DATASET EXTRACT:
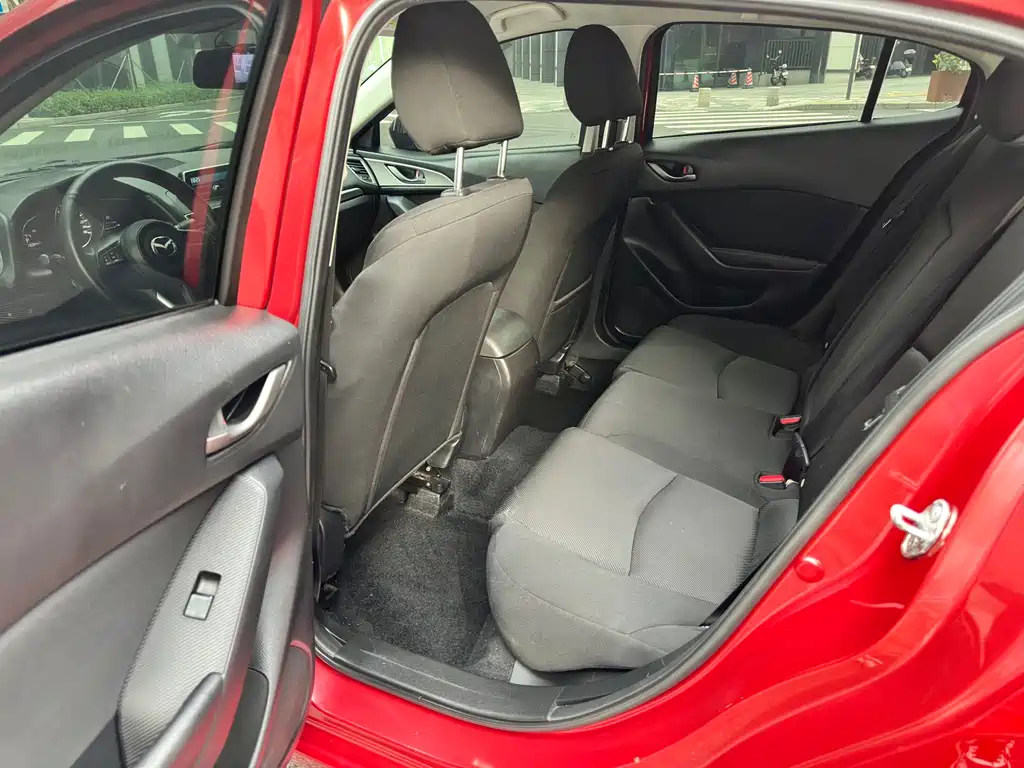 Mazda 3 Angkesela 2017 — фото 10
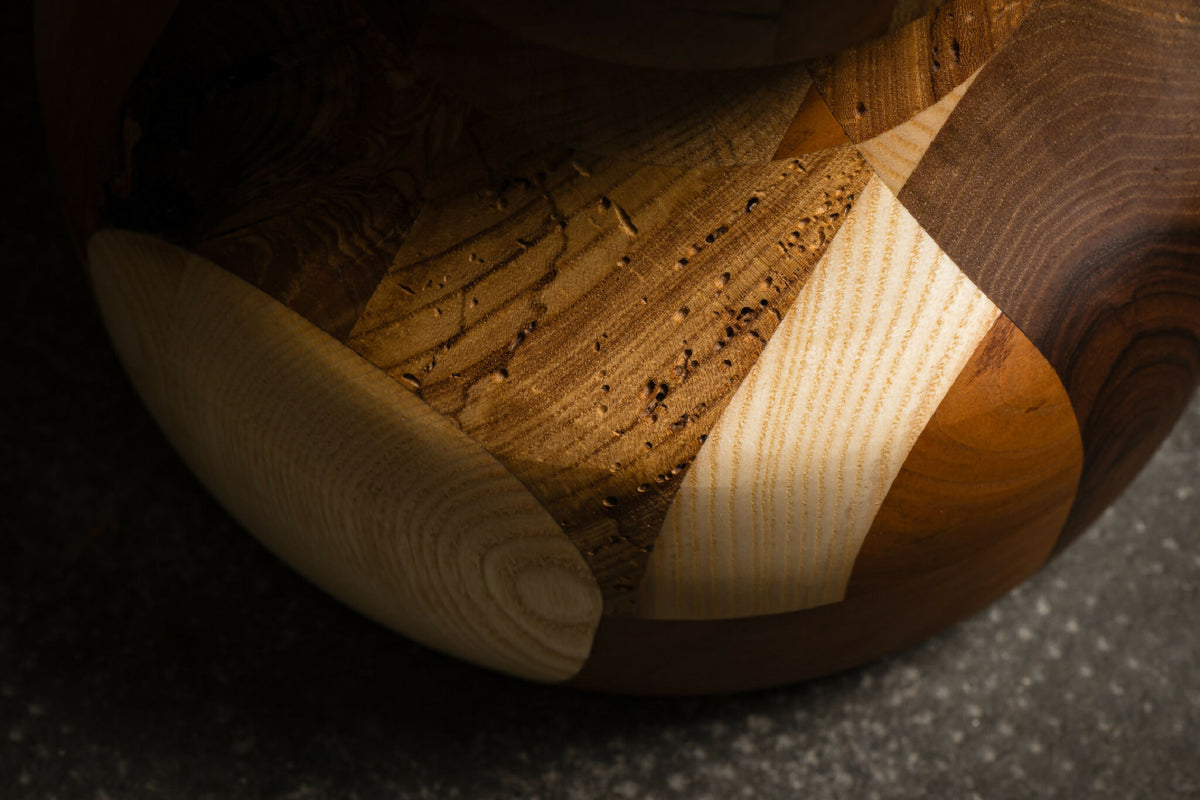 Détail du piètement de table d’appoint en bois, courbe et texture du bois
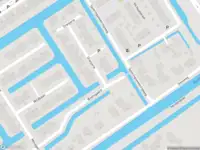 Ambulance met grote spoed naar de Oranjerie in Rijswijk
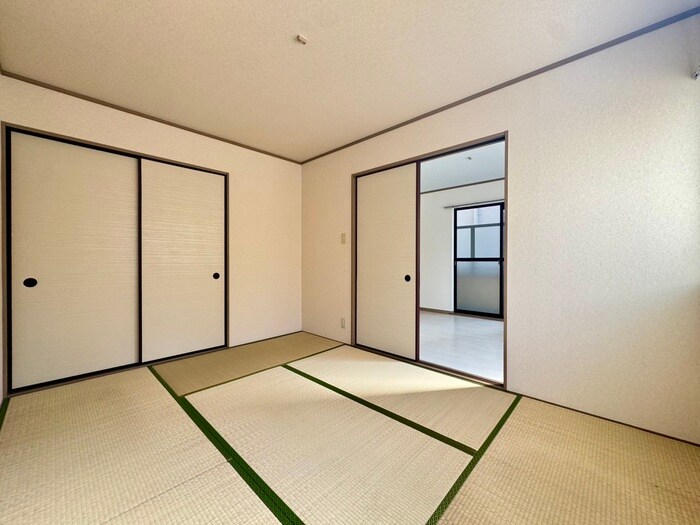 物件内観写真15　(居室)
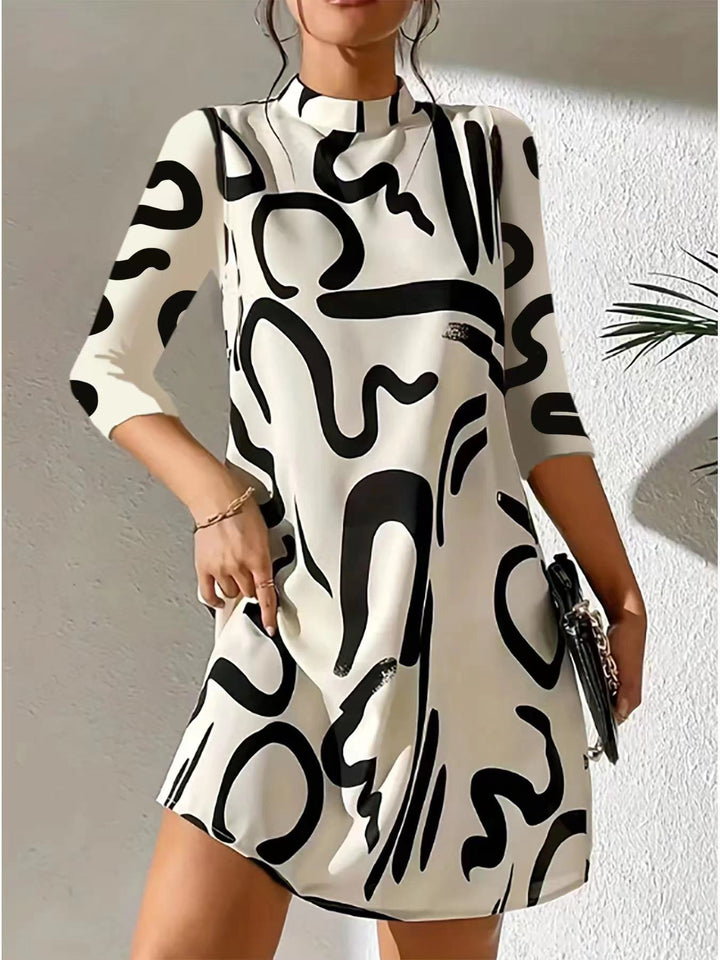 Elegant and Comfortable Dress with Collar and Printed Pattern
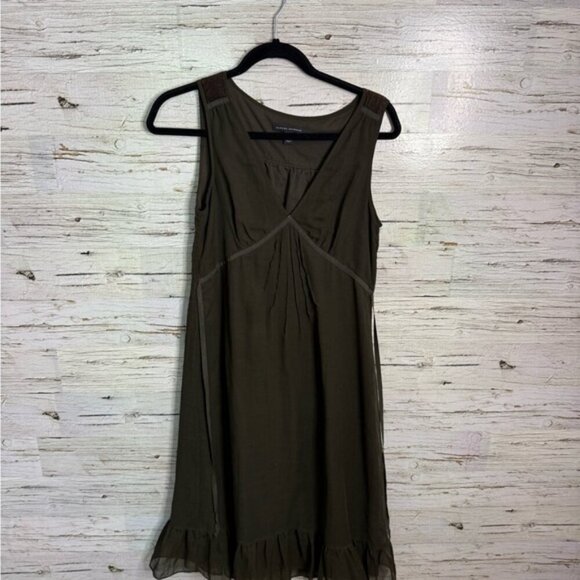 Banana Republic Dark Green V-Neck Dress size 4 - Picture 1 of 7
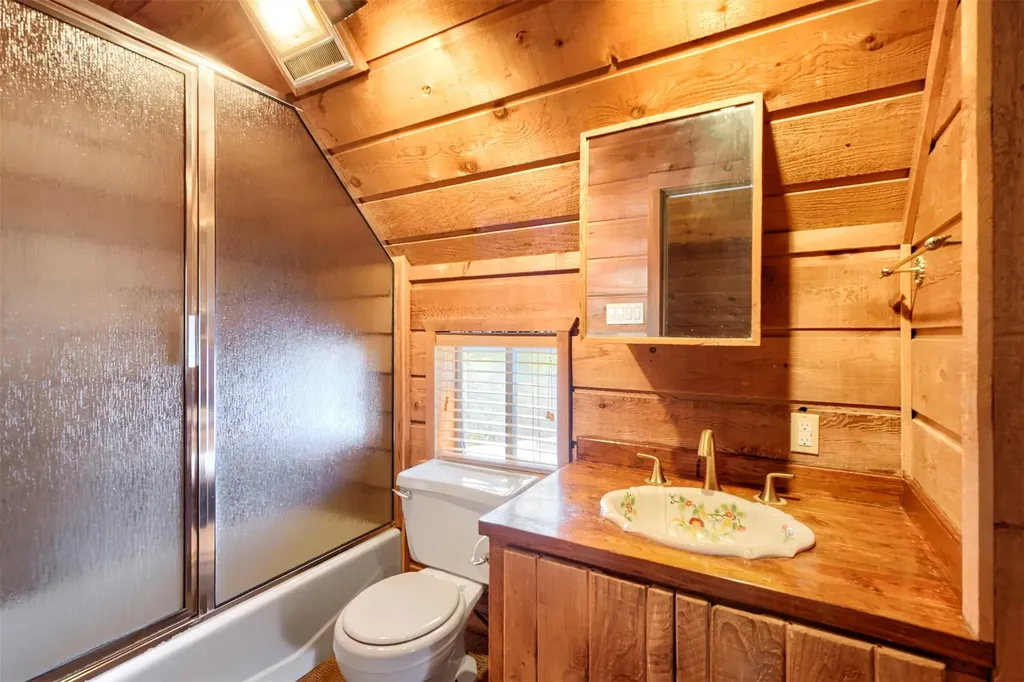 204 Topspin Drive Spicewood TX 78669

DIRECTIONS:
Restate the material above word for word, omitting the pictures.

RESPONSE TO THE EXERCISE:
 Mazda 3 Angkesela 2017 — фото 10
 Détail du piètement de table d’appoint en bois, courbe et texture du bois
 Ambulance met grote spoed naar de Oranjerie in Rijswijk
 物件内観写真15　(居室)
 Elegant and Comfortable Dress with Collar and Printed Pattern
 Banana Republic Dark Green V-Neck Dress size 4 - Picture 1 of 7
 204 Topspin Drive Spicewood TX 78669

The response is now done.